Can`t write VEP annotations

HI!

I am having problem with hail.methods.vep
Applying vep is not giving any errors but when writing it to a matrix table is giving error maybe because vep is not applied successfully(but not giving error while calling hail.method.vep on my dataset).
Also when writing vep annotations, it is just writing entities, index & rows but not other things like globals, cols, references, hence giving the error;

Hail version: 0.2.23-aaf52cafe5ef
Error summary: IOException: error=2, No such file or directory

One of the important things to know about Hail is that in order to support datasets that cannot fit in memory, most operations are lazy and don’t actually execute code until you write or aggregate (or otherwise push values to disk, or return them to Python, e.g. plot, show, etc).
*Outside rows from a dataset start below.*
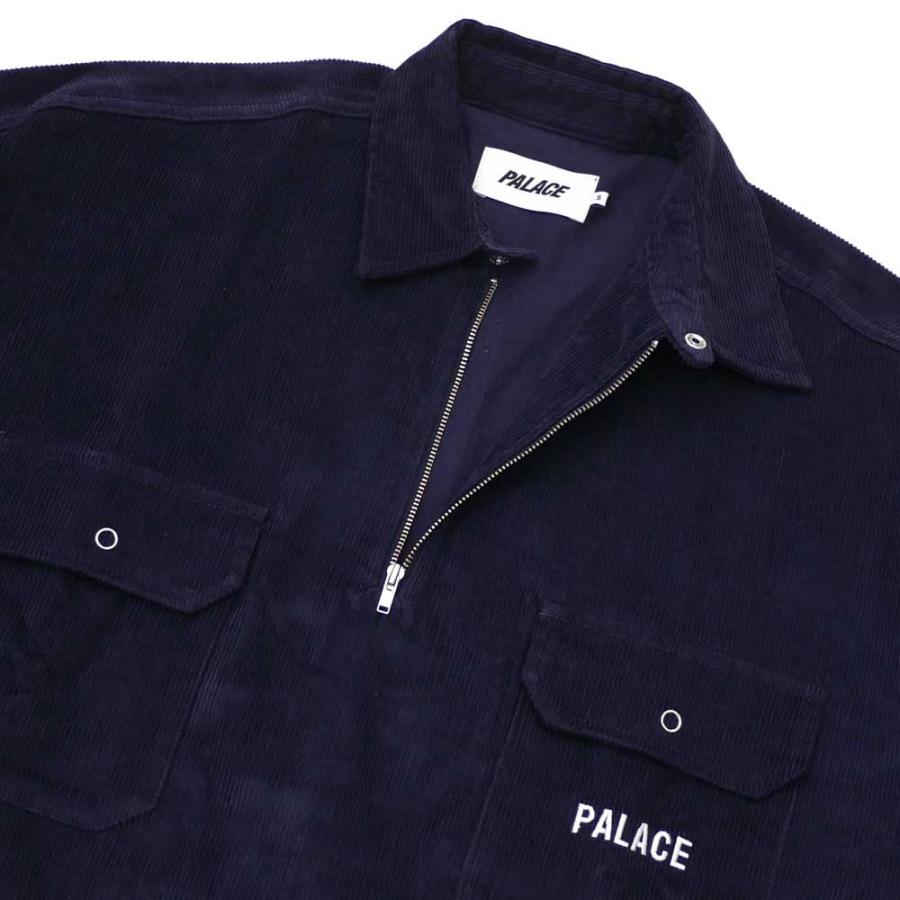 Palace Skateboards(パレス スケートボード) Roy Shirt (長袖シャツ) NAVY 418-000161-037x【新品】(TOPS) Skateboards パレス スケートボード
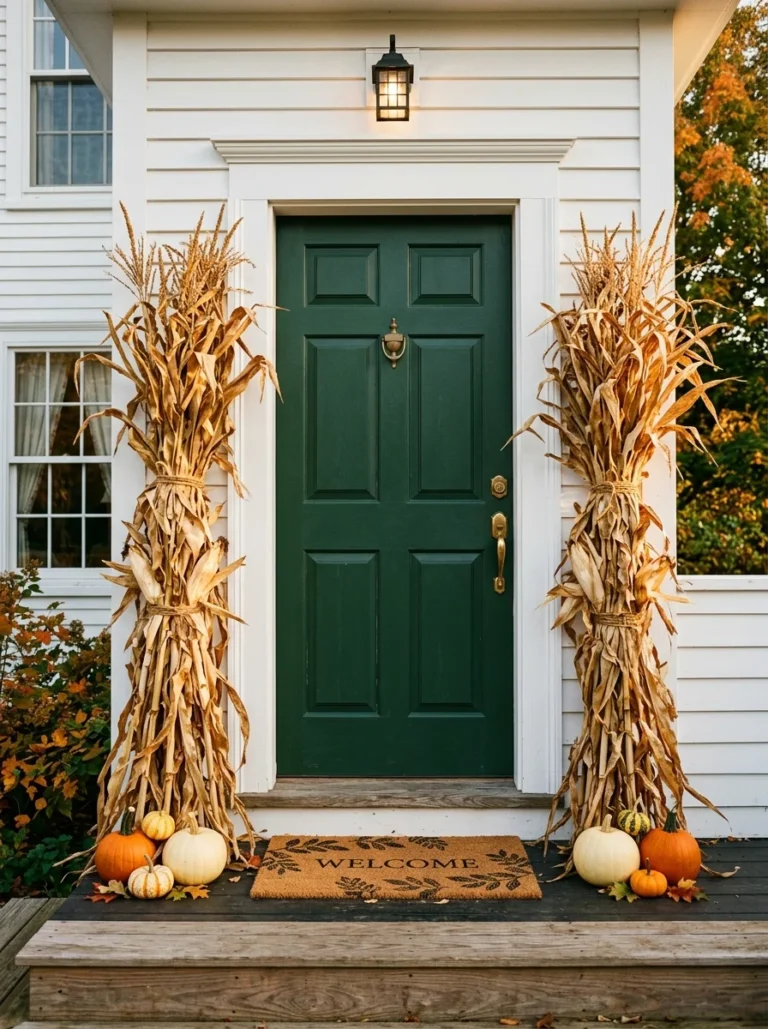 Fall Decor for Front Porch: 20 Stunning Ideas to Try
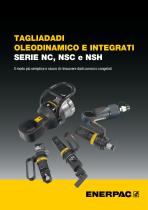 NC, NSC & NSH-Series Hydraulic & Integral Nut Splitters - 1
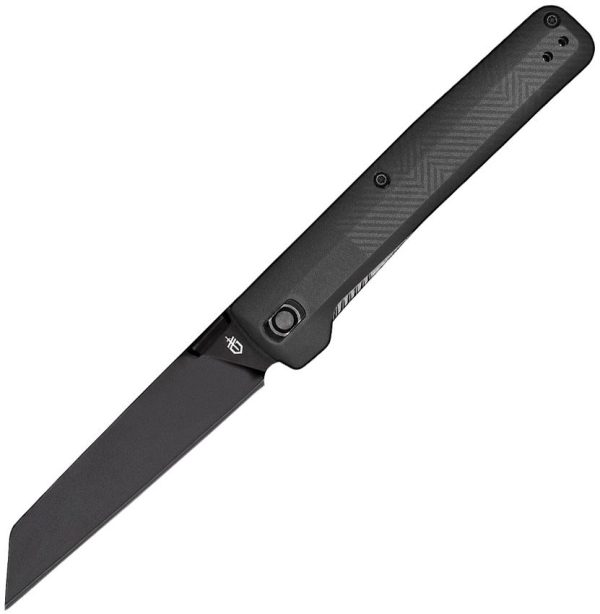 Gerber Pledge Clip Linerlock Gray Nylon Folding Knife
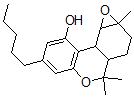 CAS 登录号：70711-55-6， (1aalpha,3aalpha,9bbeta)-1a,2,3a,4,9b,9c-六氢-1a,4,4-三甲基-7-戊基-1alpha,2alpha-环氧六氢大麻酚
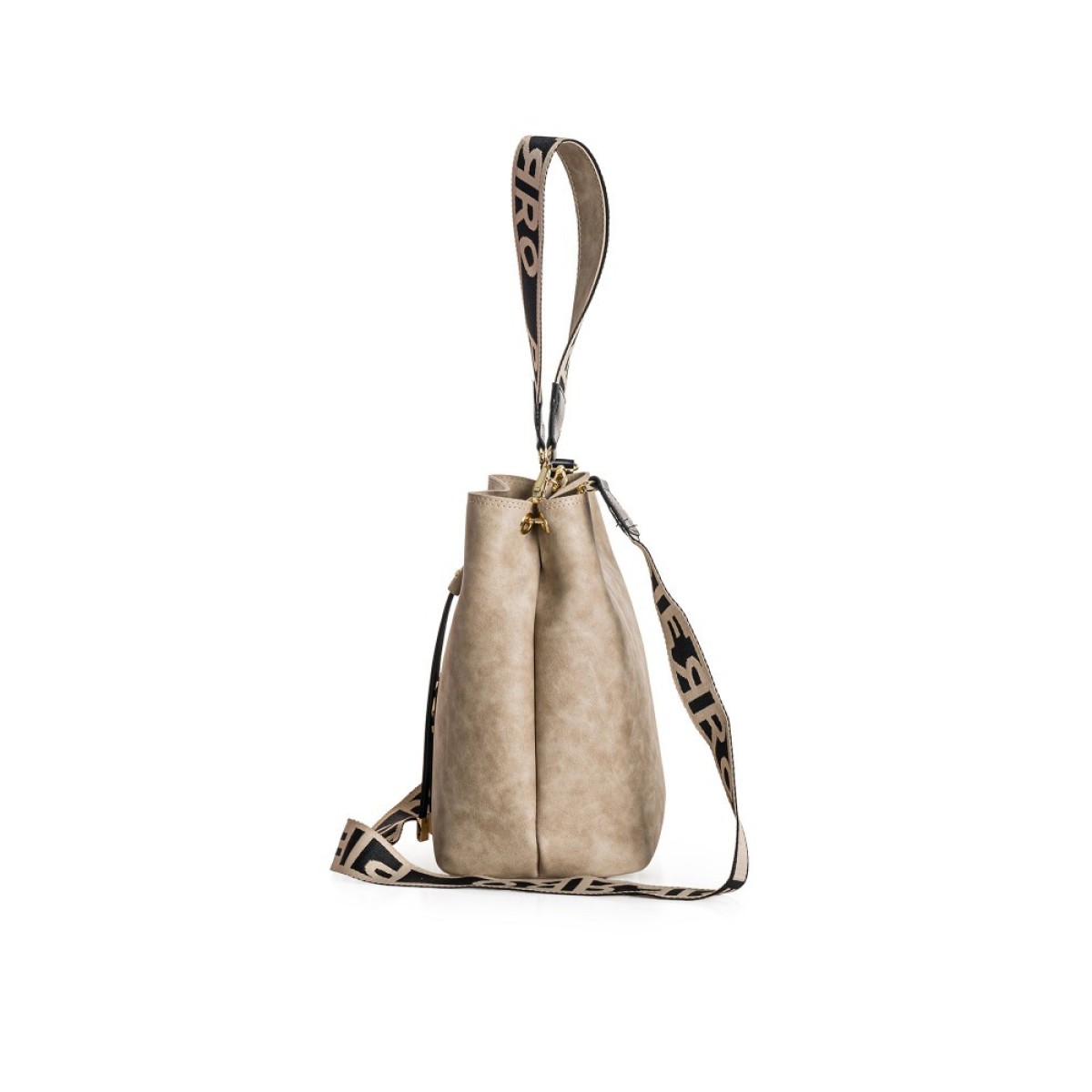 Pierro accessories Τσάντα Ωμου 90883LR04 Mokka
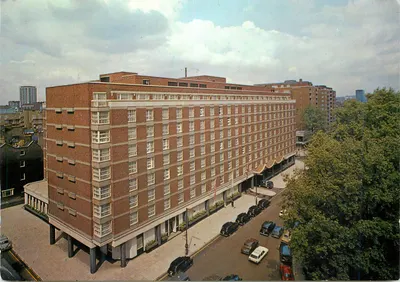 Hotel Churchill — Portman Square — Dixon-Lotus Production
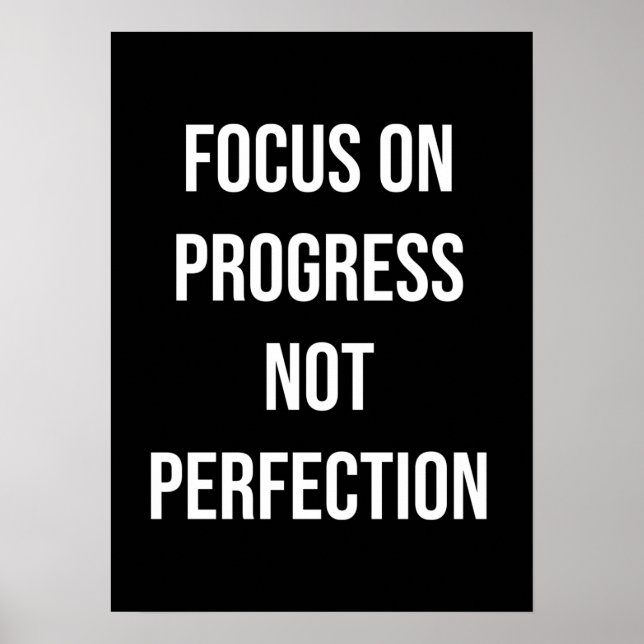 Citação Inspiradora - Poster de Motivação de Worko (Frente)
This means that the error is defintely coming from VEP, it’s just appearing later (when the code to run VEP is executed).
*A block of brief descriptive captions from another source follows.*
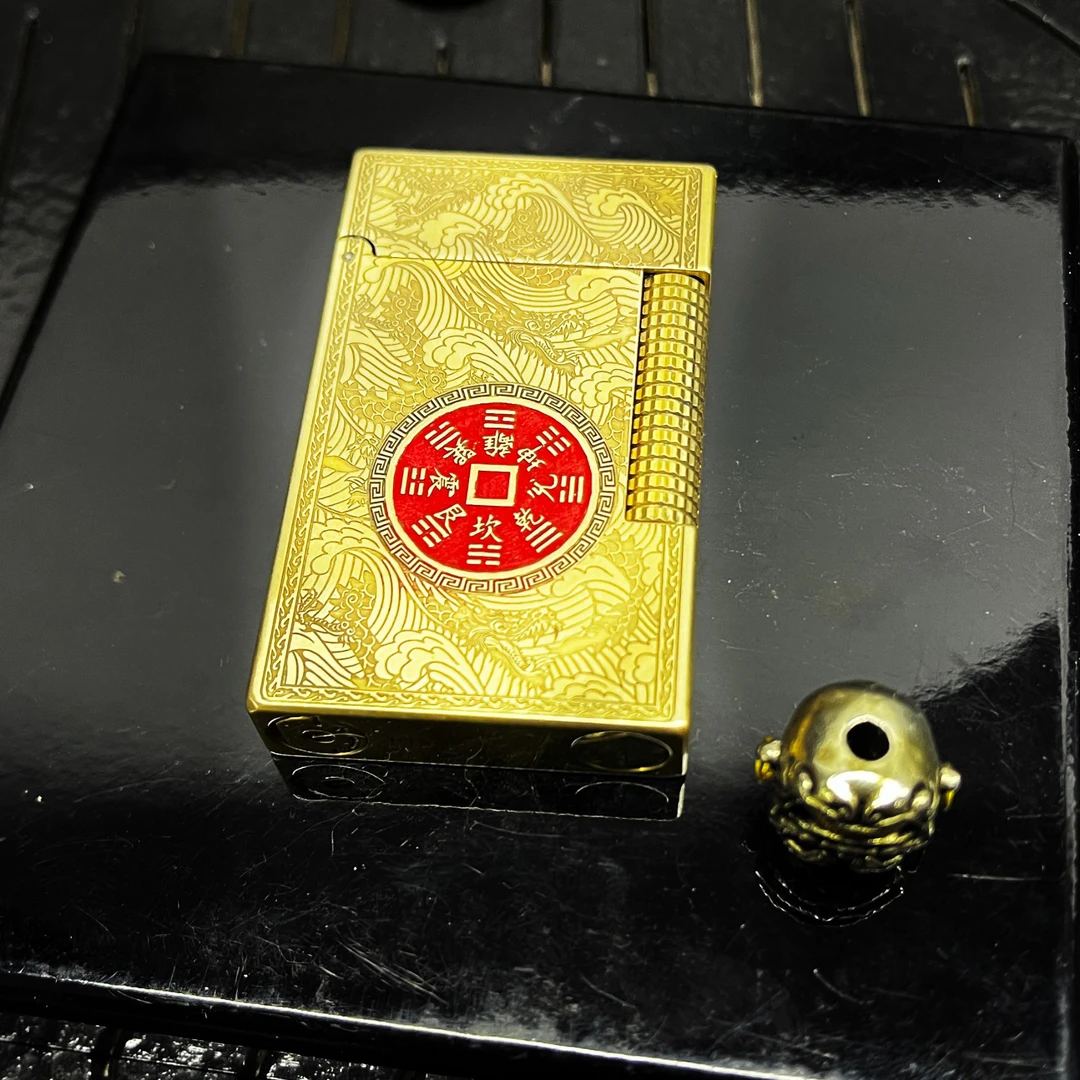 L.Man.Ba（八卦太极）朗声打火机无礼盒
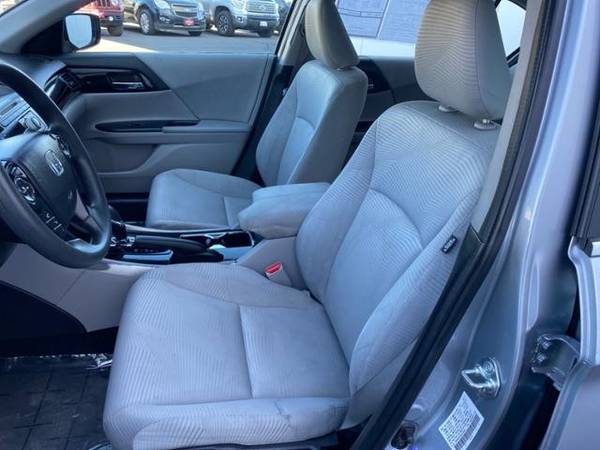 2017 Honda Accord LX CVT Sedan - - by dealer - vehicle for sale in Klamath Falls, OR – photo 14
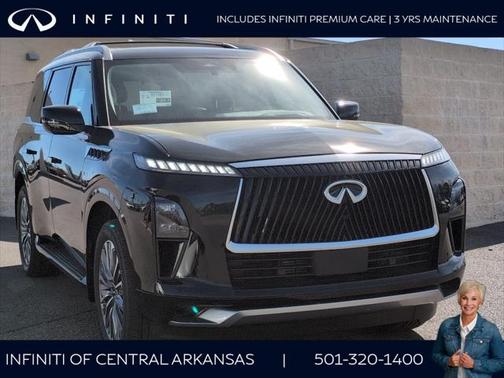2025 INFINITI QX80 Luxe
Where are you running Hail? If you’re not running on Google Dataproc with hailctl dataproc, did install VEP yourself, and if so, how?

I am do running hail on google dataproc with hailctl dataproc. Is it something to do with cpu quotas? Because i am running on very low resources.

It shoudn’t be related to CPU quotas – we make sure VEP runs on a default-sized cluster (16 cores) as part of deployment.

Are you running with the --vep flag on hailictl dataproc start? That’s my best guess of what went wrong.

No i am not using --vep.
I am trying to run the below script. I have copied the codes to a py file and submitting it as a job.

https://github.com/Nealelab/recessive/blob/master/Hail_%26_Export_Pipeline_Genotyped_dataset.ipynb

Ah, okay, great – that’s the problem. If you don’t start the cluster with --vep, then the necessary files aren’t installed and you can’t run hl.vep.

how can we initialize --vep on cloud using hail start cluster? can you give the example of it because i am using hail start cluster command …

hailctl dataproc start CLUSTER_NAME --vep GRCh37, for example

vep is working now. But while using .write, its taking much long time, i wait 1 hour but it didnt give me any error, neither it shows any progress. What to do now.

Hail is lazy; hl.vep didn’t actually run until write. How big is your data? How many variants/samples, and what are you doing in the pipeline? VEP is very slow, so I’d expect it to take a while on a small cluster.

The dataset is whole exome sequencing data on 100 participants. We are running it on the GCP. The import VCF and write It as a mt it works quickly but when we use VEP and write it, it takes forever. We are using the hailctl dataproc command that you mentioned above to launch the cluster.

VEP is able to annotate ~3 variants per second, per core. If you’re running on 12 cores (dataproc default cluster size), then you should be annotating 36 variants per second, or 129,000 per hour.

So can we increase the cores and memory? And how many should we use?

It’s hard to make a good guess about this, but I’d generally think that a cluster of ~100 cores (which would be 12 preemptible workers, -p 12 in hailctl dataproc start) would be a good idea. This cluster should cost about $3 per hour.

Also, how are you running on dataproc? using submit or connect with a notebook? You should be seeing a progress bar in either mode, which can help tell you how the vep/write is doing.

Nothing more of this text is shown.